It can be challenging to teach our tweens how to interact online safely, responsibly, and without constant oversight. Part of the reason for this is that there is no roadmap for teaching these skills. This is where TDSU comes in.
We believe that just pointing out to your child that there are specific expectations, skills to learn, and ways to go about practicing online interactions in a safe and supportive environment is a big first step! By laying the foundation and making your child a partner in the process you are increasing their awareness and expectations about how people interact online.
But what do you do when it feels like your child just isn’t getting it?
Here are some things to think about:
- Remember to point out to your tween what they are doing right!
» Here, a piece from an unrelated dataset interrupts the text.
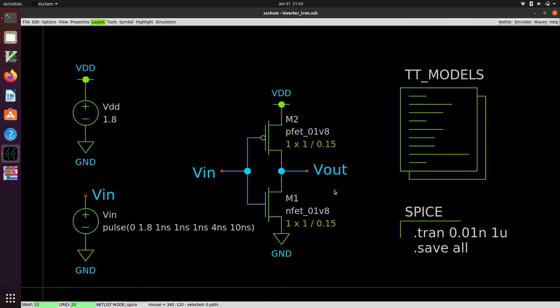Okay, so that is some basic SPICE simulation using Xscheme. Probably the next tutorial will involve how to make a hierarchical schematic, how to make a symbol with a subcircuit underneath it, and how to do some simulations using those kind of subcircuits and whatnot. So that's it for now, thanks for watching.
Learning new skills takes time and effort, and even the smallest gains are important to acknowledge. Our Accentuate the Positive activity is a great way to remind your child (and you!) of all the progress they are making.
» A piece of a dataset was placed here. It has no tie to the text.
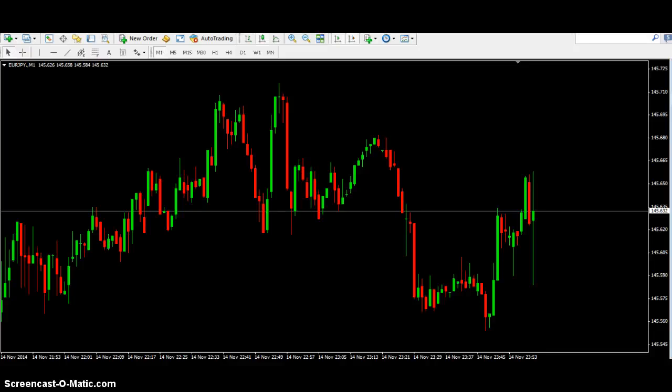Hey guys, this is your boy Jerry Mega Money. What I want to do tonight here, I want to show you guys how I'm trading short term and making some quick money — that's why they call me Jerry Mega Money, because I come in, I want to make my quick mega money and I want to be through. I'm going to show you guys a strategy that I use.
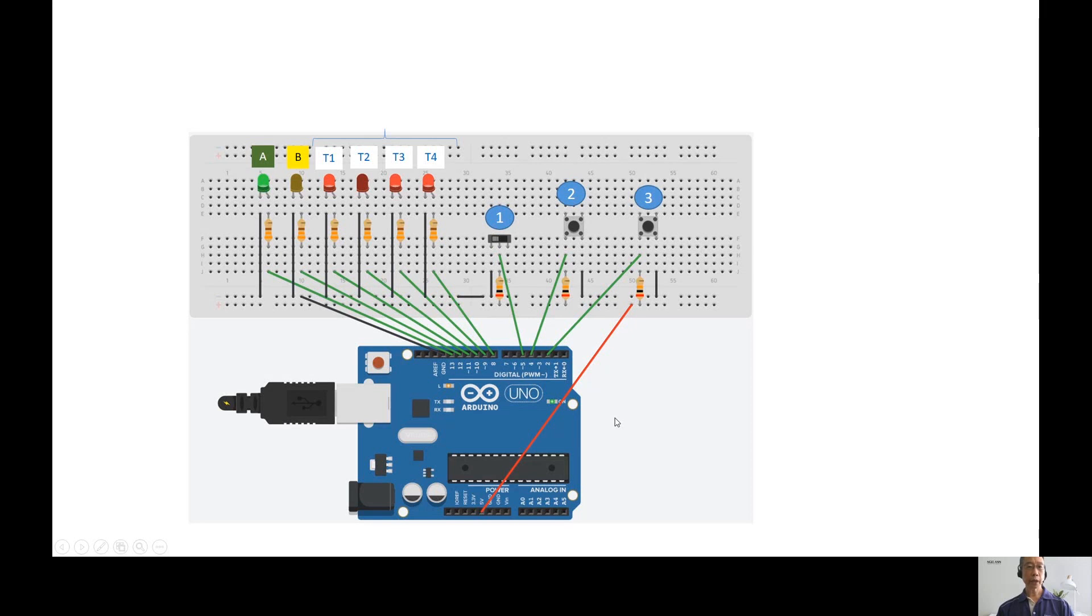Hi, to the IRP student, this is the Arduino circuit that you need to build and program for project number three.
- Does your child really understand why it is important to learn how to be safe and responsible while online? One thing you could do is share some news stories about real life consequences of misguided or inappropriate online behaviors. Opening up this conversation shows your child that this topic is something you take seriously and is something worth committing time and energy to learning about.
- Is your child struggling to assimilate some of the Thumbs Down skills? Maybe it is time to take a step back and review some of TDSU’s more basic concepts. You can find these in our activities that are marked “Get Started.”
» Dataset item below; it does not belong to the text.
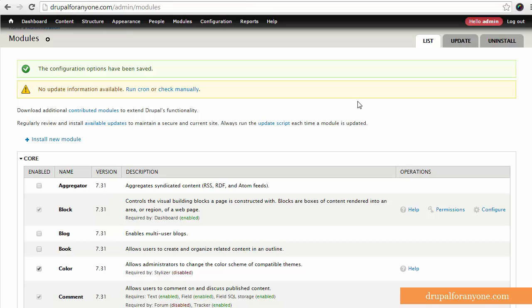But again, if they're running out in the wild there, make sure you have your caching turned on to get all the Drupal performance boosts that you need. So again, this is Eric VanderWaal for Drupal4Anyone.com. Come visit us for more tips and tutorials on Drupal.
- Did you and your tween have an agreement about the boundaries for their online interactions, but they aren’t sticking to the plan? Maybe they believe they are ready for more independence. It might be time to check-in and make sure you are still on the same page about their goals for their online lives and the privileges and responsibilities that go along with them. Or maybe what they agreed to isn’t working for them anymore. See if together you can come up with a new strategy to help them learn. Don’t be afraid to switch it up!
- Has your child had a misstep? Don’t worry! Mistakes are part of the learning process. Even when a skill is fully integrated, this can happen. Let your tween know you’ve noticed, remind them of the plan, and let them know you are in this together. If the same issue keeps coming up, it might mean it is time to take a step back and review before moving on.
Don’t just follow your kids online. Lead them.